I was at a company Christmas party last week.  I asked the bartender what red wines they offered by the glass.

“Cabernet or Merlot”, the young man said, in a monotone voice while looking at his coworker.

He did answer my question, but he was not present.  He saw his job as getting me what I needed quickly, so he could do the same for the next customer.   He also clearly did not want to be a part of my world. I returned for another glass of wine later on, and a new bartender was there.  Being who I am, I asked him the same question, obviously already knowing the answer.  

“Well, sir. We have both a California Cabernet as well as Merlot from the same winemaker.  You will be having Prime Rib tonight, so I think the Cabernet is the way to go.”

I felt a connection with this man that I did not feel with the other. Same transaction. Completely different result in human needs being met. My basic need for the glass of wine was just one need I subconsciously wanted met.  The second bartender made me feel good about myself, and my purchase, simply by connecting with me on a level that went beyond just answering my query.  Did that second glass of wine taste better?  Probably not, but I felt good about spending my money the second time around, where the first was a simple transaction to meet my physiological needs. The second exchange only took five more seconds.  Five seconds.

The difference between those two scenarios is what will separate you from the others. You can look at it as being subservient, or you can look at it as enhancing another’s life. The choice is yours. Choosing the latter will result in your happiness as well as the customer’s. This is not just about making them happy. It’s also your well being at stake. Everyone wins when you provide a connection.

It’s easy to forget we are facing people at our businesses with the EXACT same needs we have. It’s easy to see a transaction from an efficiency standpoint, and with that comes the lack of connection.  But it does not have to be that way, even if efficient transactions are your goal.  It only takes a moment to turn a mundane exchange into a meaningful connection between humans, with both parties needing the same thing.  People are longing for connections rooted in empathy and understanding. You have the opportunity to be one or more of those important connections.  Why wouldn’t you?

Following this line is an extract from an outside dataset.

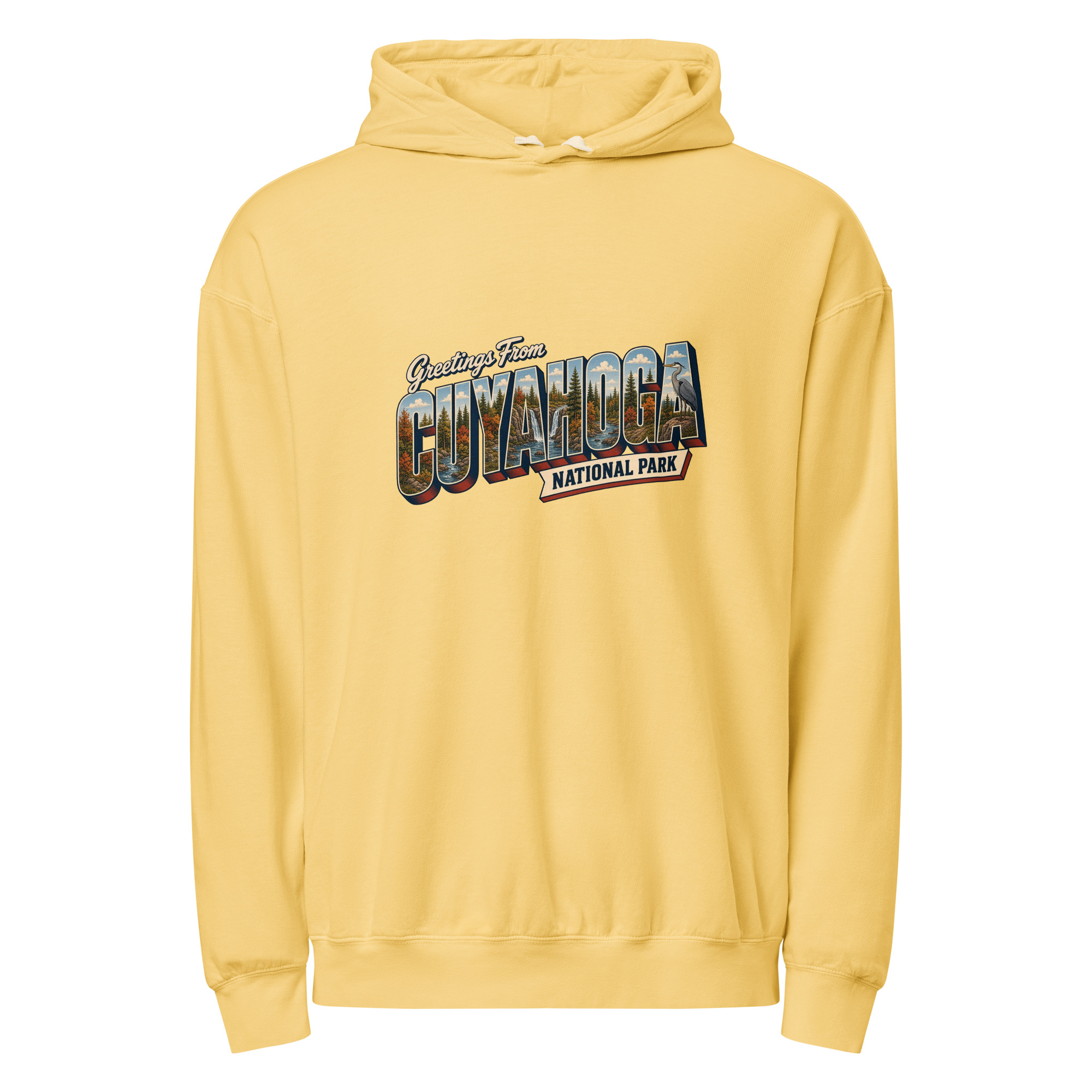 Cuyahoga Valley National Park Postcard Hoodie - Image 7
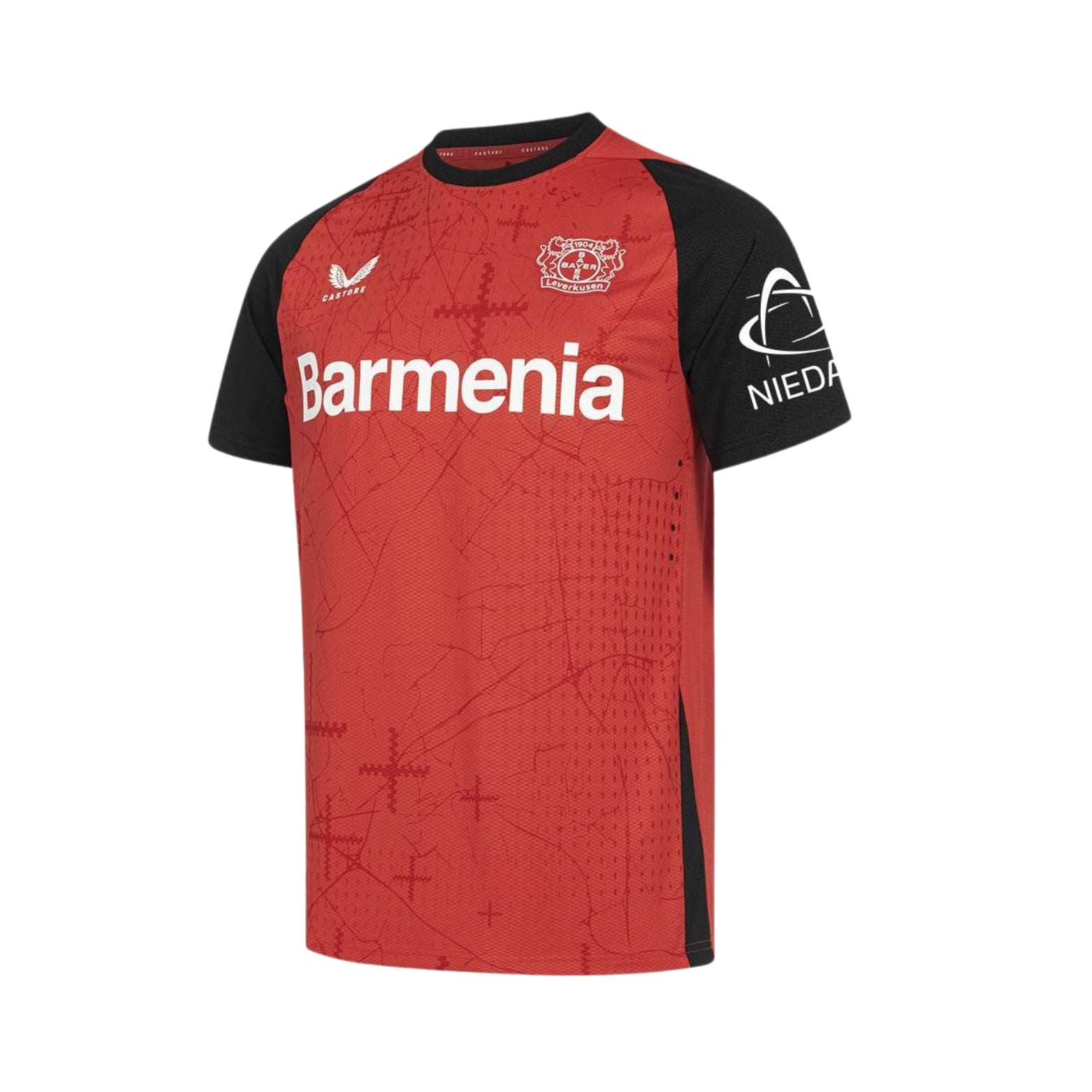 Kit - Bayer 04 Leverkusen Domicile 24/25 - Détail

It’s not difficult to make a connection in even the simplest of exchanges.  And when you do, the customer or guest remembers how it made them feel. I guarantee it.

Creating A Sanctuary

The length of time you spend with a customer or guest obviously varies with the type of business relationship you have. If you are in certain types of sales, the relationship evolves over time., while if you are in retail the length of time you spend with a customer is comparatively short. Regardless of the length of your relationship with the customer, making the most of that time to make the customer feel good about where they are is what will be your biggest advantage over those who do not.

I work in an environment where guests stay for four to eight hours, giving me a chance to watch their comfort level change over the course of the day. It gives me a great advantage in identifying the things that customers respond to when creating a place in which they feel safe, validated, and comfortable. Whether you have that advantage or not, you have opportunities to connect with the guest in a way that makes them feel those things. Even if the relationship lasts a short time, you can help meet their emotional needs with your interaction. No, you’re not a psychologist (unless you happen to be a psychologist who is reading this), nor are you expected to be, but you can make positive human connections in a short period of time.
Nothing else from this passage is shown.